I can say that with conviction because I, like all of you, am inside the Conclave as a member of the Mystical Body of Christ, represented there by the angels and saints who are interceding with the cardinals on behalf of all of us for the election of an honest-to-goodness Catholic pope. And just as sure as there is a St. Michael the Archangel who defends us in battle—the Feast of whose Apparition in 492 is celebrated today—there are demonic thunderbolts and lightning being hurled by the opposing squad against our team and their prayers. Forget about possible pelting rain. The storm that they arouse must be truly frightful indeed.
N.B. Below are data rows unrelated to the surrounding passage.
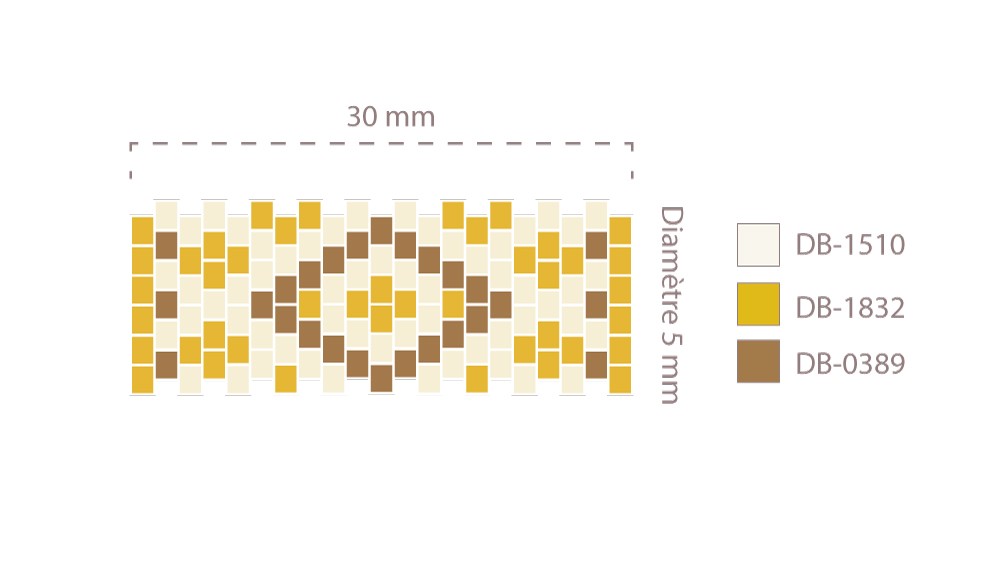 Schema Miyuki Brick Stitch Tubular Beads Bracelet Schema Miyuki Brick Stitch Tubular Beads Bracelet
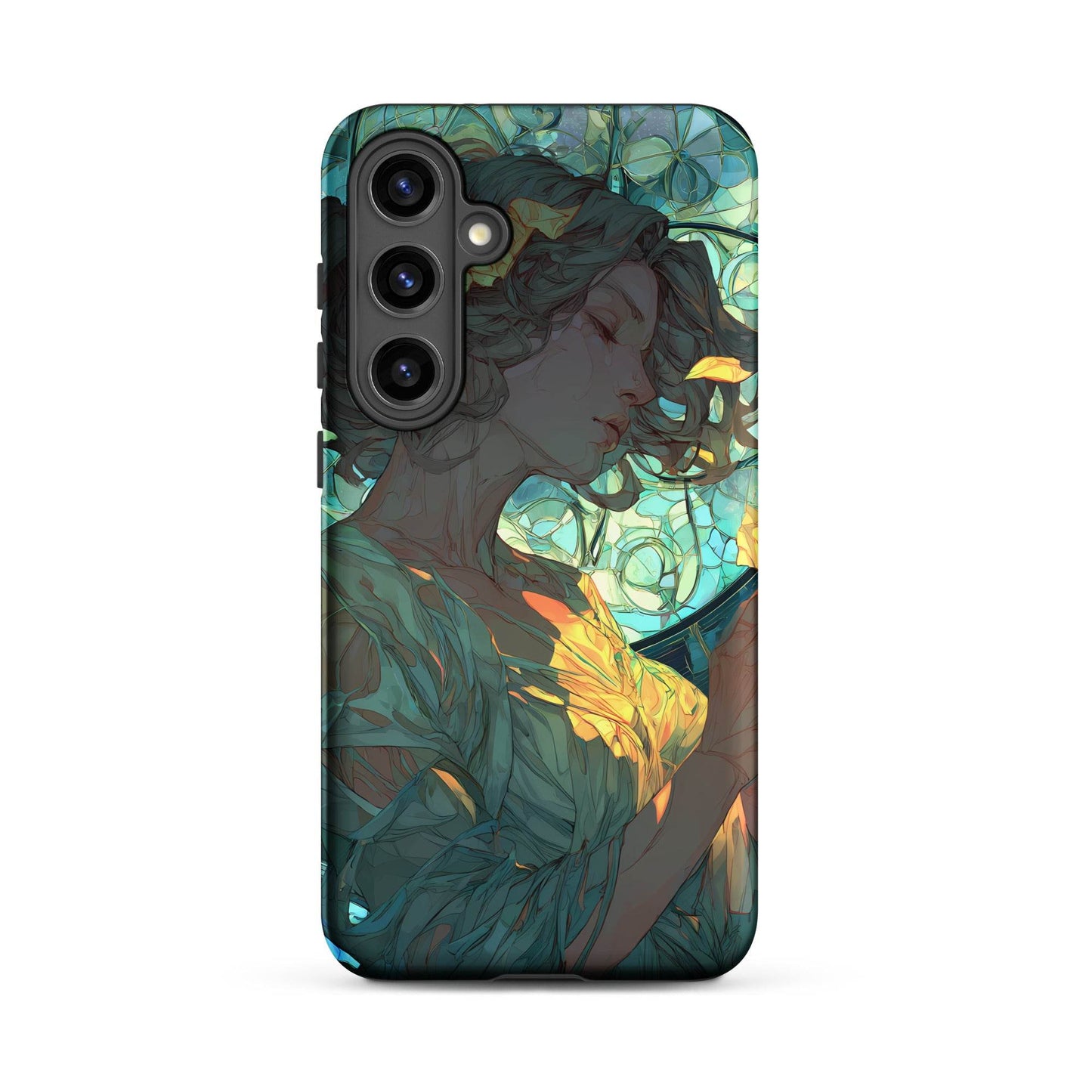 Virgo Zodiac Sign Fan Art Tough case for Samsung® - Chromavolt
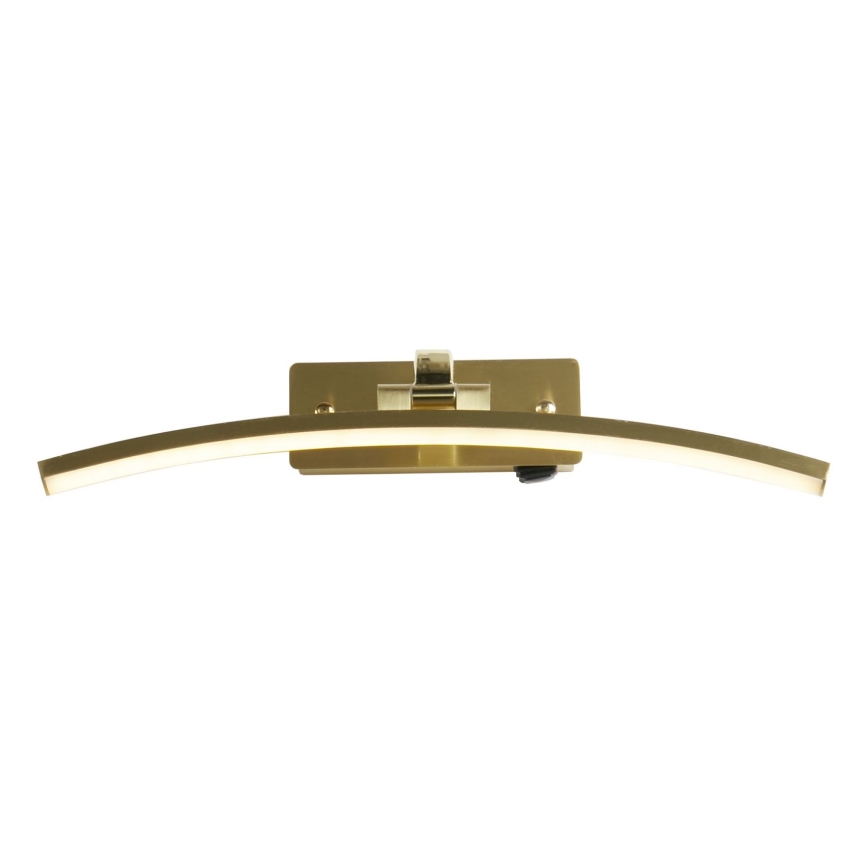 Searchlight - LED tavelbelysning SANTORINI LED/8,2W/230V mässing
Nevertheless, the cardinals’ great shield against this hellish tempest is the knowledge that our champions are armed with the prayerful supernatural weapons that are proper to a Catholic Army; not those fraudulently foisted on us by the enemy. For such “borrowed armor”, as the great apologist, Louis Veuillot, passionately argued in the nineteenth century, does nothing but “choke us”, blowing up in our face and smoothing the path for the army of the anti-Catholic cause to take a leisurely stroll to an all too easy victory. What we need from the present Conclave is a pope who understands this basic truth and adopts its consequences as a guide to his entire pontificate.
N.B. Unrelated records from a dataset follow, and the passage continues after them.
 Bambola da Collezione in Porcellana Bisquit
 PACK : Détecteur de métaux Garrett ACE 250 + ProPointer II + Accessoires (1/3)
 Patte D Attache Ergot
The “borrowed armor” theme is so central to my understanding of the problem that the Church faces, that I feel like Cato the Elder in my constant return to it in lectures and in print. Cato was so concerned about the possibility of a Carthaginian revival after the Second Punic War that he ended every speech in the Senate by saying: “and, by the way, Carthage must be destroyed”. If I must take the repetitive Roman Senator as my model, who cares! Let me say it and say it again, now using the full words of an insistent nineteenth century Catholic Cato—Louis Veuillot—-to do so:
The right tactic for us is to be visibly and always what we are, nothing more, nothing less. We defend a citadel which cannot be taken except when the garrison itself brings in the enemy. Combatting with our own arms, we only receive minor wounds. All borrowed armor troubles us and often chokes us.”
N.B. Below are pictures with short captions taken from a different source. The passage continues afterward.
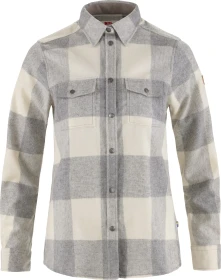 Fjällräven Canada Hemd langarm fog/chalk white (Damen)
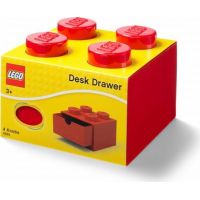 LEGO® úložný box 4 so zásuvkami - červená 2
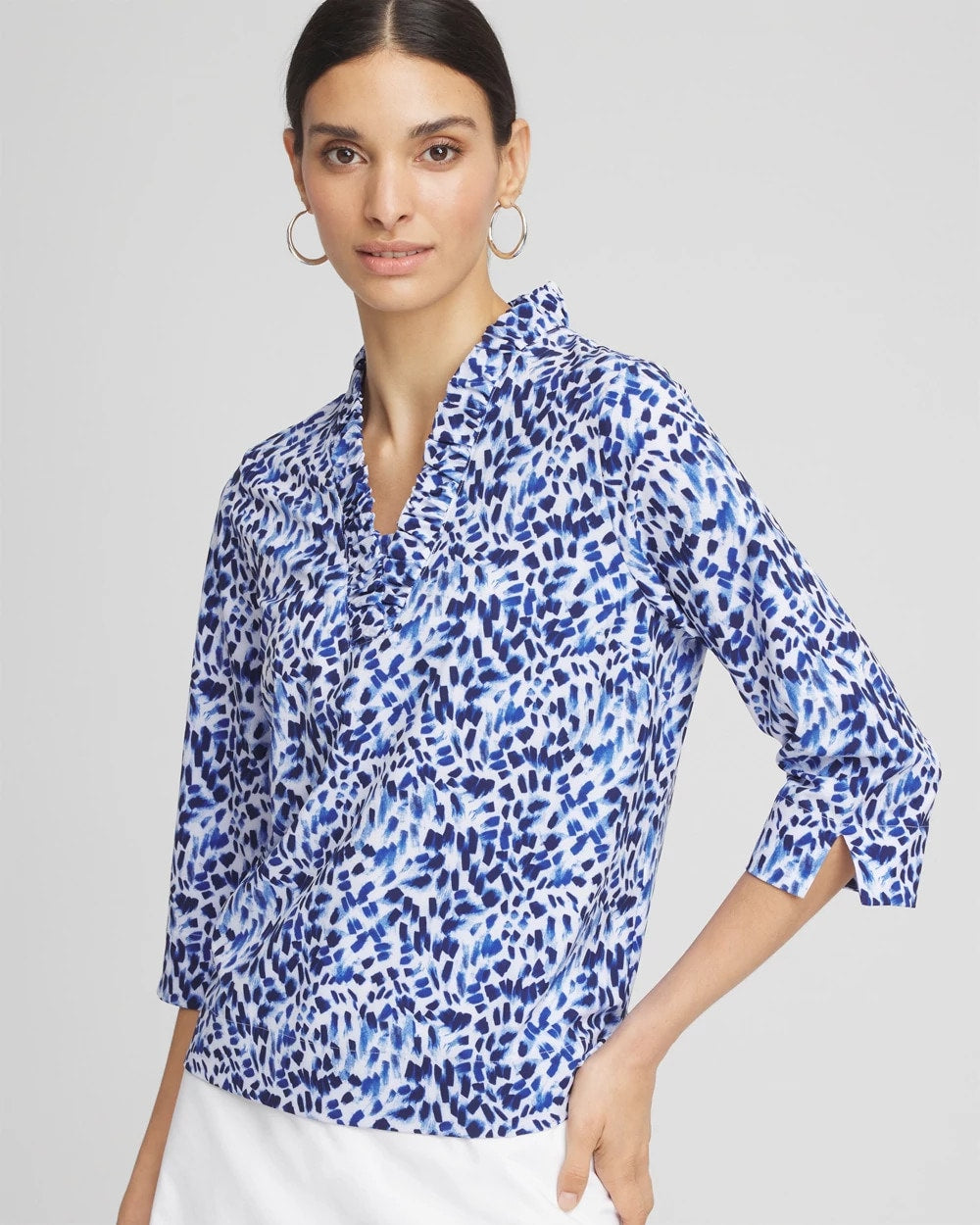 Chico's - Zenergy® UPF V-Neck Ruffle Top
Alas, it is only borrowed armor that we now rely on!
Unfortunately, I can give you the tragic assurance that this error is not something new in the history of Christendom. We have often been guilty of what St. Cyril of Alexandria called dypsychia—the possession of two minds and souls: one that is professedly Christian and another which battles against the message of Redemption and destroys it. The seemingly Christian whitewash prevents the heinous fraud from being revealed…at least until some heroic Catholics unveil it. Frauds of this sort have enabled bad popes, bad cardinals, bad bishops, bad clerics, “Apostolic Emperors”, “Most Catholic Kings” and “Most Christian Republics” to wreak havoc with the true work of the Church Militant throughout the ages.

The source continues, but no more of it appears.